ASSIGNED TASK: Copy the data that appears below exactly. Drop the pictures.

AVAILABLE DATA:
------------

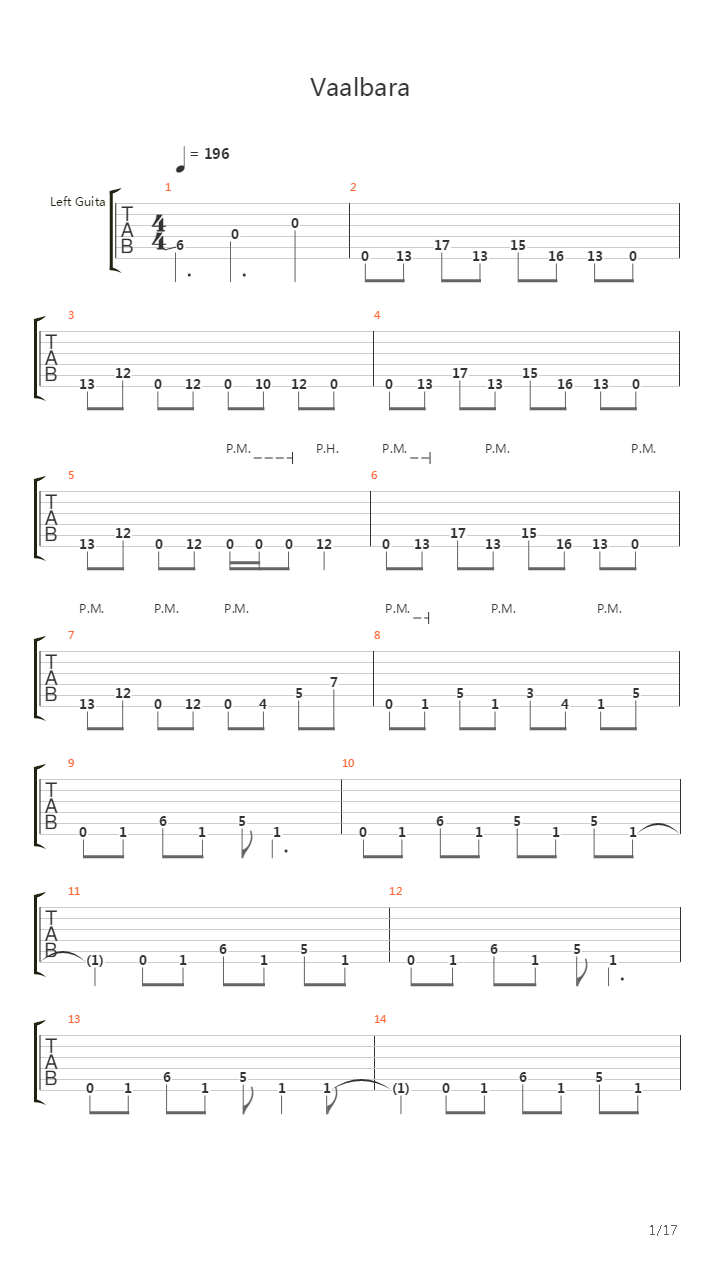 Vaalbara吉他谱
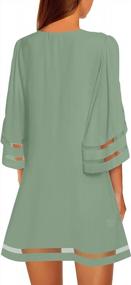 img 3 attached to Stylish And Comfortable: LookbookStore Women'S Mesh Panel Tunic Dress With 3/4 Bell Sleeve Design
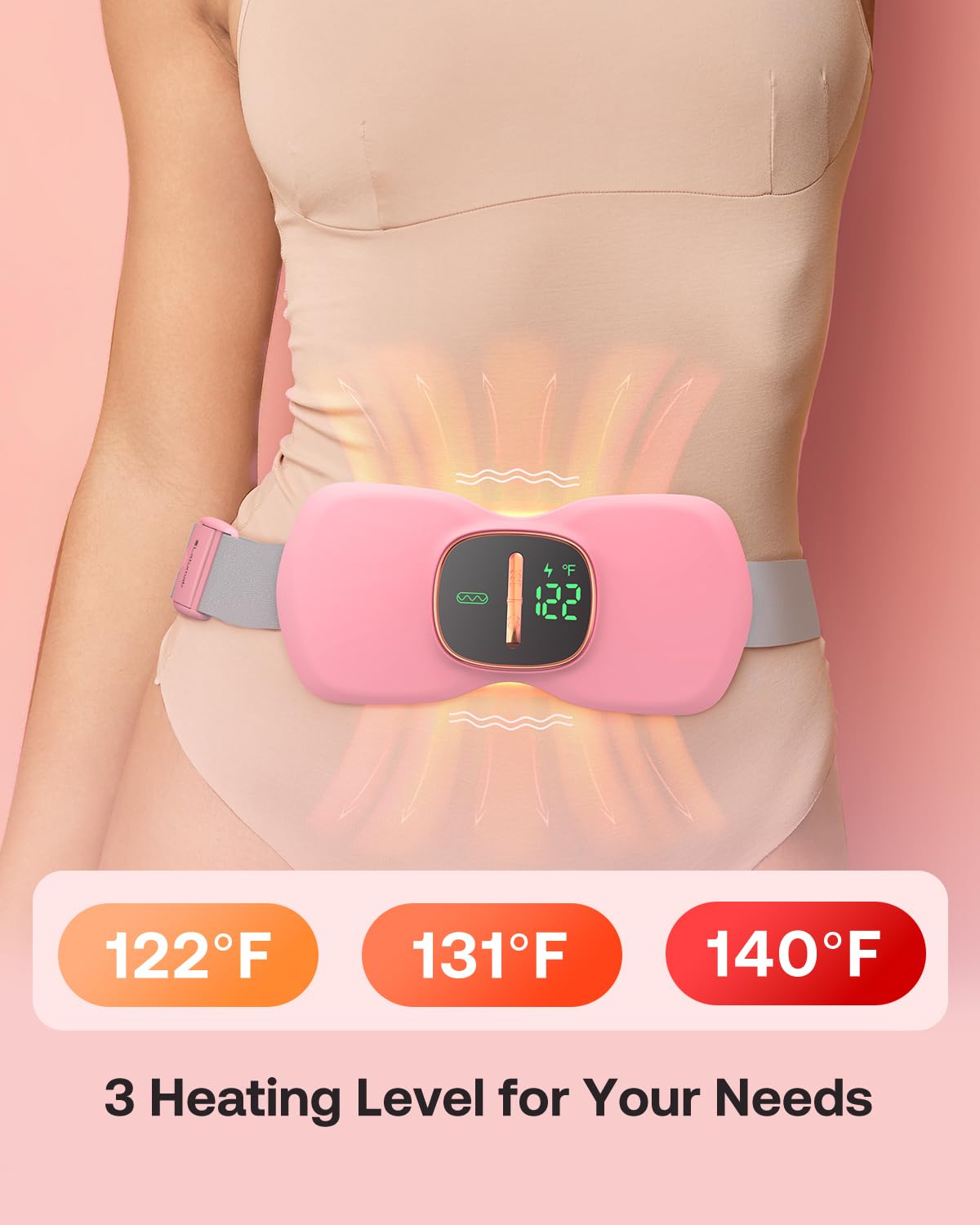 Latumab ofrece calor rápido y modos ajustables para el confort menstrual.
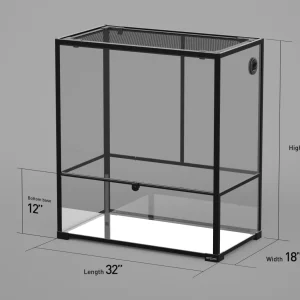 REPTI ZOO 90 Gallon 32" x 18"x 36" Glass Reptile Terrarium Front Opening Reptile Habitat Tank (customed reptile cage)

------------

SOLUTION BELOW:
 Vaalbara吉他谱
 img 3 attached to Stylish And Comfortable: LookbookStore Women'S Mesh Panel Tunic Dress With 3/4 Bell Sleeve Design
 Latumab ofrece calor rápido y modos ajustables para el confort menstrual.
 REPTI ZOO 90 Gallon 32" x 18"x 36" Glass Reptile Terrarium Front Opening Reptile Habitat Tank (customed reptile cage)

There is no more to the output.